Personal information
- Full name: Navid Mirzapour
- Born: 13 July 2003
- Died: 13 July 2003 (age 23) Torbat-e Jam, Iran
- Occupation: Kurash
- Height: 181 m (593 ft 10 in)
- Weight: 90 kg (198 lb)

Sport
- Country: Iran
- Sport: wrestler, Kurash, Alysh, sumo
- Weight class: ‍–‍81 kg

Medal record
Men's Aba Guresh Wrestling
Representing Iran
World Nomad Games Championships
| Bronze medal – third place | 2024 Kazakhstan | 80kg |
World Senior Aba Wrestling Championships
| Bronze medal – third place | 2023 Turkey | 70kg |
Guresh Wrestling
| Gold medal – first place | 2024 Iran | 68kg |

= Navid Mirzapour =

Iranian wrestler (born 2001)

Navid Mirzapour (نوید میرزاپور; born 13 July 2003) is an Iranian freestyle wrestler, Kurash practitioner, Alysh wrestler, and sumo wrestler. In addition to winning several national championships, he was invited to the national team training camp in 2019. Among his achievements are a bronze medal at the 2023 World Aba Wrestling Senior Championships in Turkey and a gold medal at the 2024 Iranian Senior International Guresh Wrestling. In 2024, he won a bronze medal at the World Senior Nomad Games Aba Guresh Wrestling Championships in Kazakhstan. In 2018, Mirzapour was the runner-up at the Iranian National Elite Freestyle Wrestling Olympiad.

== Sports career ==
Mirzapour was the runner-up at the Iranian National Elite Freestyle Wrestling Olympiad in 2018. In 2022 and 2023, he won the national championship in the 66 kg and 74 kg weight classes, respectively, at the Iranian Junior Chukheh Wrestling Championships. In 2023, he also won the national championship in the 60 kg weight class at the Iranian Senior Alysh Championships and became a member of the national team.

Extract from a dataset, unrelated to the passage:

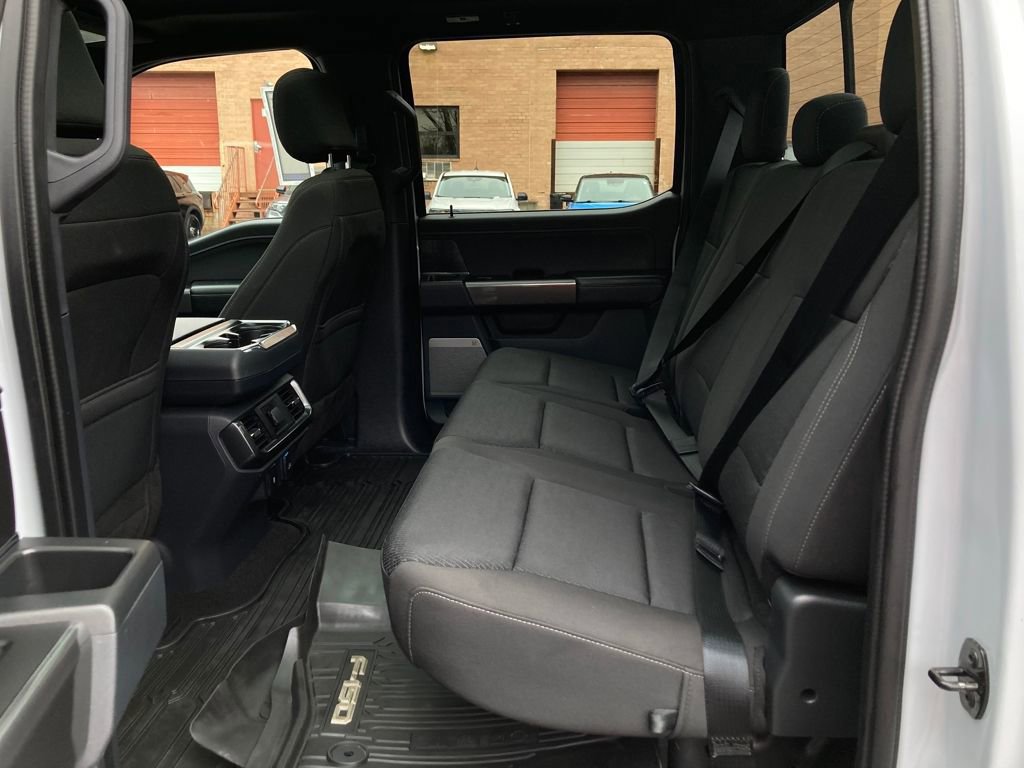 Certified 2022 Ford F150 XLT w/ Equipment Group 302A High image 27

In 2024, Mirzapour won the Iranian national championship in sumo and became a member of the national team. In 2025, he won the 75 kg weight class at the Iranian Mokhtumquli Fraghi Cup. In the same year, he also won the national championship in the 75 kg weight class at the Iranian Senior Guresh Wrestling Championships.

At the 2023 World Senior Aba Wrestling Championships in Turkey, Mirzapour won the bronze medal in the 70 kg weight class. In the same year, he won the gold medal in the 68 kg weight class at the Iranian Senior International Guresh Wrestling Championships. In 2024, he won the bronze medal in the 80 kg weight class at the Senior Aba Guresh Wrestling Championships at the World Nomad Games in Kazakhstan.

== Achievements ==

- Bronze medal at the 2024 Senior Aba Guresh Wrestling Championships at the World Nomad Games in Kazakhstan, in the 80 kg weight class.
- Bronze medal at the 2023 World Senior Aba Wrestling Championships in Turkey, in the 70 kg weight class.
- Gold medal at the 2024 Iranian Senior International Guresh Wrestling Championships, in the 68 kg weight class.